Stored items
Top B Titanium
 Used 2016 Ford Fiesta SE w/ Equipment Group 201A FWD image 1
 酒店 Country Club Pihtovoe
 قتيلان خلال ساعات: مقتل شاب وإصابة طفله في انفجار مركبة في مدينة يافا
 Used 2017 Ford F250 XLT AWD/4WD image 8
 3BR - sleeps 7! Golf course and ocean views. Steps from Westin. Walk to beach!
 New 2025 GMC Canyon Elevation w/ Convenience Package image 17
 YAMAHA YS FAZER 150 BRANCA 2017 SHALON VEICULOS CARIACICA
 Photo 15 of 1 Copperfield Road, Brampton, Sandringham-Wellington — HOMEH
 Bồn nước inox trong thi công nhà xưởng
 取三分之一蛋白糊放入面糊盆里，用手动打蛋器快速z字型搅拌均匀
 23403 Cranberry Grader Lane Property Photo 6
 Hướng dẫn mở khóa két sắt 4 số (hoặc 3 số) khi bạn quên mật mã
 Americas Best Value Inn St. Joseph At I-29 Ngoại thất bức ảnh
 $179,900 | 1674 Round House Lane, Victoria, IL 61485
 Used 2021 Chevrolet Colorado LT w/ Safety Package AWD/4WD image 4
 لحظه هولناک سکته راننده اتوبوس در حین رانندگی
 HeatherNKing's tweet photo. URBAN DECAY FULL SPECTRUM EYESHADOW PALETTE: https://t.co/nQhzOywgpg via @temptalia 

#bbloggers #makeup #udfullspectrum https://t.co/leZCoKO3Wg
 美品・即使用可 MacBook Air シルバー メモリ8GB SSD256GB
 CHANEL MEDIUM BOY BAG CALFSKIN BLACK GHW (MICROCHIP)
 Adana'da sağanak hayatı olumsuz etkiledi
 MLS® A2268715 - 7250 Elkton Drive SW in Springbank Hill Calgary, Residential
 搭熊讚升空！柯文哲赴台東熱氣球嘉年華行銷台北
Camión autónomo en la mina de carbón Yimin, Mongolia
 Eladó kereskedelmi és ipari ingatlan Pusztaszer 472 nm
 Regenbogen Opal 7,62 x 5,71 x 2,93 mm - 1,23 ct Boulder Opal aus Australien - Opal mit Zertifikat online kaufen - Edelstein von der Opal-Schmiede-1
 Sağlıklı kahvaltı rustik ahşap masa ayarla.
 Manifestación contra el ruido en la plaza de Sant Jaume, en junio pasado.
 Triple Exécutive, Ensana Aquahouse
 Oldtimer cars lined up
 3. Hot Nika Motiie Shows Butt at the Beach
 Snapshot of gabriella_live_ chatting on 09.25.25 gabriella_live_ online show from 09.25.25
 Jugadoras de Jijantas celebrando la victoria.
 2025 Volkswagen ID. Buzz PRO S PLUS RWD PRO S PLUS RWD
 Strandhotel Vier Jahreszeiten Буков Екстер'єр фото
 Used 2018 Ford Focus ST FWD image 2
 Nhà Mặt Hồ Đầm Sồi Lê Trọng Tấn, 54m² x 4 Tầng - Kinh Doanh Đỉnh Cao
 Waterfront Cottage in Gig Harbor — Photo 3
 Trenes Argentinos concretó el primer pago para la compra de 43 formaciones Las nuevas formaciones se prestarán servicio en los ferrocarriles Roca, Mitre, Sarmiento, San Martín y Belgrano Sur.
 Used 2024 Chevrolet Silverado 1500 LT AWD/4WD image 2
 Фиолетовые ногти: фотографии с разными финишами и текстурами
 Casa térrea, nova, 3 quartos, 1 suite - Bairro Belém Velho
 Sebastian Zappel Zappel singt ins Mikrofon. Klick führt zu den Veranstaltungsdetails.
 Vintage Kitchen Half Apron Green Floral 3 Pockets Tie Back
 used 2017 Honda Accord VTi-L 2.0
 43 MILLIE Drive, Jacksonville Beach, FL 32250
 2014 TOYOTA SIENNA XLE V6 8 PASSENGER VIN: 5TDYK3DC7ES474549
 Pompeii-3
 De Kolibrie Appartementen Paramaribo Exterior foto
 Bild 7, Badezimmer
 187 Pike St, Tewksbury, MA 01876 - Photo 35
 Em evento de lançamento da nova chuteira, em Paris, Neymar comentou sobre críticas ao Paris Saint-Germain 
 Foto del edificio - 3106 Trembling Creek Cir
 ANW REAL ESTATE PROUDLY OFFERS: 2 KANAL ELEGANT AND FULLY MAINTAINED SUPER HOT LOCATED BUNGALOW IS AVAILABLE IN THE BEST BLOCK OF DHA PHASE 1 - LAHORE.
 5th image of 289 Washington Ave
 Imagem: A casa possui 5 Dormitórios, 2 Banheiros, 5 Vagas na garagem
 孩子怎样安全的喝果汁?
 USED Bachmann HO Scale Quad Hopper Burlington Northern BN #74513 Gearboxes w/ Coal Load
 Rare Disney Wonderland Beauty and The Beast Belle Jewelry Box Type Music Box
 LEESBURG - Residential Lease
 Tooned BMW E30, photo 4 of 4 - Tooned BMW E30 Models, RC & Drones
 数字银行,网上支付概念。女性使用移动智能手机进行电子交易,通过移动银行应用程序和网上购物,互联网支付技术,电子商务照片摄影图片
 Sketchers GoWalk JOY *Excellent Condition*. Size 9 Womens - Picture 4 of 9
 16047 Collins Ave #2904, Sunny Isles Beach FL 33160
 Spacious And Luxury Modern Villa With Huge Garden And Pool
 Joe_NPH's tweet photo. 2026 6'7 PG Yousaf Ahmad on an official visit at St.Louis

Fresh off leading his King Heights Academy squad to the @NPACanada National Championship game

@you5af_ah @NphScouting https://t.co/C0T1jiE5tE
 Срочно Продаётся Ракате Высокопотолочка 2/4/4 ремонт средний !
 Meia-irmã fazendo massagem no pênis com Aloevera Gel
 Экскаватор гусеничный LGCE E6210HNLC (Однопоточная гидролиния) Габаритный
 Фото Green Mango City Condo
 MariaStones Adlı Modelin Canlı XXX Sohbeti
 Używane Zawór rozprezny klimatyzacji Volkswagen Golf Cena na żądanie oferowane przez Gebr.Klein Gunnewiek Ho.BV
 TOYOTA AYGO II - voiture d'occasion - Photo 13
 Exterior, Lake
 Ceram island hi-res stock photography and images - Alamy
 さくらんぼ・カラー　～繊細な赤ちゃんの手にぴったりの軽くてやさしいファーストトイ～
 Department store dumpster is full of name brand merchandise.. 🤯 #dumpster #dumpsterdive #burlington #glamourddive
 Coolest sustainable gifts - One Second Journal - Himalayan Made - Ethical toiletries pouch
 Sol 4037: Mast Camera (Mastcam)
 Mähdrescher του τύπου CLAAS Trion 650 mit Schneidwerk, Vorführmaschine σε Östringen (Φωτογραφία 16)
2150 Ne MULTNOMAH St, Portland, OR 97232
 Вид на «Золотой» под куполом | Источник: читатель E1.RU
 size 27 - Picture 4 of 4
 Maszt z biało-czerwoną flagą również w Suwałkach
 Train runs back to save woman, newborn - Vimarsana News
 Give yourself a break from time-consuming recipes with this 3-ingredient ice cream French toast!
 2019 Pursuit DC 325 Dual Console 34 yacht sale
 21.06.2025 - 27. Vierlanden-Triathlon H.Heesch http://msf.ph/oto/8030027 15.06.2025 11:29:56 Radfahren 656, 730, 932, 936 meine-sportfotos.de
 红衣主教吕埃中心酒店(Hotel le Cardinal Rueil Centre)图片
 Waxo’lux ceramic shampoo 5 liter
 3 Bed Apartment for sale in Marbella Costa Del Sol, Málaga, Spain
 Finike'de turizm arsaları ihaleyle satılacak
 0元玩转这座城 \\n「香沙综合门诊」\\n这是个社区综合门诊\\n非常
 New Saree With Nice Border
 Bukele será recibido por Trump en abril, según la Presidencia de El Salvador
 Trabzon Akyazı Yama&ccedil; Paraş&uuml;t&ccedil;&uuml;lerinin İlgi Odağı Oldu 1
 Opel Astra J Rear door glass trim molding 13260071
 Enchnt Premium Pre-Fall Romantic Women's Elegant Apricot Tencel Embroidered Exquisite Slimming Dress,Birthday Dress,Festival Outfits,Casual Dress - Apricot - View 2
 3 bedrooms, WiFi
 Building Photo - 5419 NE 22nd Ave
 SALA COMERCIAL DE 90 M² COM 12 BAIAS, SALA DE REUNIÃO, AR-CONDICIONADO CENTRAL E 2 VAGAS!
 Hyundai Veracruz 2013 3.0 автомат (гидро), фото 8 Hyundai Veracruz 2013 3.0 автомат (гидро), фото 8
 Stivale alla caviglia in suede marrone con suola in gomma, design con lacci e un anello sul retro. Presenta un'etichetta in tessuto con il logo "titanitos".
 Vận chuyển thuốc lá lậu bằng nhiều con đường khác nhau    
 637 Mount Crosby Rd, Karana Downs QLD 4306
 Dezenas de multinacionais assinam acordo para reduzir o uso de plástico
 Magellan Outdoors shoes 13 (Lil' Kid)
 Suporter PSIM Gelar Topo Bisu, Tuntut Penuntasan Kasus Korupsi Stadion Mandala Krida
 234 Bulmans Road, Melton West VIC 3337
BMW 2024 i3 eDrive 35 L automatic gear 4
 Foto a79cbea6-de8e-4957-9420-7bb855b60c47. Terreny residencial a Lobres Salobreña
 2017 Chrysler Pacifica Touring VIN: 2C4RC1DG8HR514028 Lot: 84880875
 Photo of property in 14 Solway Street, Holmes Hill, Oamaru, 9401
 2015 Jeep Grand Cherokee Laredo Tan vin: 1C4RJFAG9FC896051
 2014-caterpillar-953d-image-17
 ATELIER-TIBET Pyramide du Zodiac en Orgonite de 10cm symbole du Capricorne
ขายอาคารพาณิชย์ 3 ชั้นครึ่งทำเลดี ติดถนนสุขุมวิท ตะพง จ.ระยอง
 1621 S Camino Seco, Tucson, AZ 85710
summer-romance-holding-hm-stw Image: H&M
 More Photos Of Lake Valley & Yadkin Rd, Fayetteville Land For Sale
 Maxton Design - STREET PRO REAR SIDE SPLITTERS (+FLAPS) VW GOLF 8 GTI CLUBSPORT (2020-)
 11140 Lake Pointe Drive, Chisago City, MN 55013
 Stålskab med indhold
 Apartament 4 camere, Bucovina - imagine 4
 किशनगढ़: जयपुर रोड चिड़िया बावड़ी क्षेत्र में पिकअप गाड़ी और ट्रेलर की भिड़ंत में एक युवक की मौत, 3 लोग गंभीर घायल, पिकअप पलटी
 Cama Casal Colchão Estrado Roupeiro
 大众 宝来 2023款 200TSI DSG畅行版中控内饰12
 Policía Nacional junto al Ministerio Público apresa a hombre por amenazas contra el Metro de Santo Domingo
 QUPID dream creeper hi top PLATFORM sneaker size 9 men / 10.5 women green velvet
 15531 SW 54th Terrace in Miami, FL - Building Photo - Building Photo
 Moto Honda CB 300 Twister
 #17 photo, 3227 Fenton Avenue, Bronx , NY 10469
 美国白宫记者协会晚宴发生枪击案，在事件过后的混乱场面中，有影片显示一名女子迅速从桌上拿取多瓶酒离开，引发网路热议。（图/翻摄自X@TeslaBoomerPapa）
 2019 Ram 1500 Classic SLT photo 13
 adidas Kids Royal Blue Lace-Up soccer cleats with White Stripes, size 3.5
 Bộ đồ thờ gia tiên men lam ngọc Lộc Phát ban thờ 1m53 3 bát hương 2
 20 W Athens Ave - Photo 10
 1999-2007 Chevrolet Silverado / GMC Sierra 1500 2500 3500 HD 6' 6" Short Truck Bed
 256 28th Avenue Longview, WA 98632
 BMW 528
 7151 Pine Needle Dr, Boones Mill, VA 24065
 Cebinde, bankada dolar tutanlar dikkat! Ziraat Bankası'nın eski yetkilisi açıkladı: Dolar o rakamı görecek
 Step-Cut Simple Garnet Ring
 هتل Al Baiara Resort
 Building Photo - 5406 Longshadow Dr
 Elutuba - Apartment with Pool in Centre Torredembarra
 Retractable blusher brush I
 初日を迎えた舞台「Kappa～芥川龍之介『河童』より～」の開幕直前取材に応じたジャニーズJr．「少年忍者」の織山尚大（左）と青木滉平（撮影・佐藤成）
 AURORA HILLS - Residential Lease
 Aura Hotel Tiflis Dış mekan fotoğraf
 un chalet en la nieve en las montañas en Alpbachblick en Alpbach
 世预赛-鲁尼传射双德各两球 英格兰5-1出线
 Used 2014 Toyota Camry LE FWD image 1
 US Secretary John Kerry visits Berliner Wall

- _Task_
Copy, please, exactly the lines that start at the first line of the data and end at the line containing "لحظه هولناک سکته", both kept and no others.

- _Solution for this task_
Top B Titanium
 Used 2016 Ford Fiesta SE w/ Equipment Group 201A FWD image 1
 酒店 Country Club Pihtovoe
 قتيلان خلال ساعات: مقتل شاب وإصابة طفله في انفجار مركبة في مدينة يافا
 Used 2017 Ford F250 XLT AWD/4WD image 8
 3BR - sleeps 7! Golf course and ocean views. Steps from Westin. Walk to beach!
 New 2025 GMC Canyon Elevation w/ Convenience Package image 17
 YAMAHA YS FAZER 150 BRANCA 2017 SHALON VEICULOS CARIACICA
 Photo 15 of 1 Copperfield Road, Brampton, Sandringham-Wellington — HOMEH
 Bồn nước inox trong thi công nhà xưởng
 取三分之一蛋白糊放入面糊盆里，用手动打蛋器快速z字型搅拌均匀
 23403 Cranberry Grader Lane Property Photo 6
 Hướng dẫn mở khóa két sắt 4 số (hoặc 3 số) khi bạn quên mật mã
 Americas Best Value Inn St. Joseph At I-29 Ngoại thất bức ảnh
 $179,900 | 1674 Round House Lane, Victoria, IL 61485
 Used 2021 Chevrolet Colorado LT w/ Safety Package AWD/4WD image 4
 لحظه هولناک سکته راننده اتوبوس در حین رانندگی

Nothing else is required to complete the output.